Только древнюю дорогу от Нижнего рынка к Верхнему городу можно узнать по огромным плитам из трахита и еще по тому, что на ней ничего не растет. Даже колеса повозок в течение многих столетий не оставили здесь никаких следов. Впрочем, самая нижняя стена, вероятно, и есть городская стена времени Атталидов. Но стена, окружающая верхний гребень крепости, несомненно, средневековая, византийского происхождения, так как именно тогда замок превратился в крепость, чтобы отражать нападения наступающего Востока, и стал последним оплотом христианства в его борьбе против ислама. Однако за этой последней узкой стеной повсюду выступают остатки стен и фундаментов, но в таком хаотическом беспорядке, что представить их в виде какой-то определенной конструкции просто невозможно. Ясно одно: большая часть сооружений дошла от античного времени, меньшая — от византийского. А от Атталидов остались опорные стены, которые как бы выравнивают гору и подчеркивают ее крутой склон. Стены были поставлены две тысячи лет назад, но так прочно, что ни ненастье, ни время, ни ярость осаждавших, ни варварство расхитителей камня не могли вырвать из них ни одного блока.

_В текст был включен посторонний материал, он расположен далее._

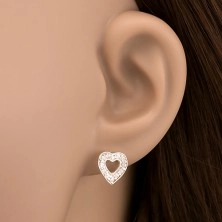 Сребърни обеци-сърца с вградени цирконии, с профил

С верхнего плато Туманн снова спускается вниз, об-шлаги его брюк полны лопухов и сухих ползучих растений, руки исколоты колючками, лицо, спина и даже колени мокры от пота. Он пробирается по совершенно невообразимому нагромождению стен и их развалин. Хуманн ищет то западное плато — если его можно так назвать — чуть выше опорной стены, которую доктор Раллис считает храмом городской богини Афины Полиады. Справедливо ли такое определение, этого, конечно, так сразу не скажешь, потому что каждый, кто уже посетил древние развалины, остатки которых еще не классифицированы и не определены учеными, знает, как быстро народная молва закрепляет дошедшее до нее имя за теми или иными руинами, хотя на деле оно не имеет к ним ни малейшего отношения. Впрочем, в этом случае можно пока что сохранить за этими руинами имя Афины, поскольку она была покровительницей города. Во-первых, ни Раллис, ни Хуманн не ученые, а, во-вторых, это невероятное нагромождение обломков горы и руин крепости настолько запутано, что невозможно сразу, при первом посещении, принять хотя бы какое-то приблизительное решение. Но он еще вернется сюда. В этом нет никакого сомнения. И надо надеяться, что скоро. Да, а вот там на плато тоже холм щебня, но что-то очень большой, добрых двести-триста футов в объеме. Где-то на дне зияет щель. Хуманн протискивается в нее и попадает под свод, поддерживаемый мощными столбами («римского времени» — отмечает наш знаток архитектурных стилей и сразу же отметает в сторону предположение своего гостеприимного хозяина). Свод оказывается таким же огромным, как и верхнее плато. Может быть, этот свод был использован как фундамент для какой-то постройки более позднего периода. Ниже находится совсем древняя терраса, так как в некоторых местах сохранилась сухая кладка, без применения извести. Среди щебня попадаются различные глиняные обломки, но они ни о чем не говорят, по крайней мере, ему, Хуманну, который при всей своей любви к археологии пока еще только неопытный новичок, не понимающий языка глиняных черепков. Воздух здесь тяжелый и спертый, в самых темных углах свода плотными комьями висят летучие мыши. Утомленный, с разбитыми коленками, Хуманн, ощупывая руками проход, выбирается на склон горы.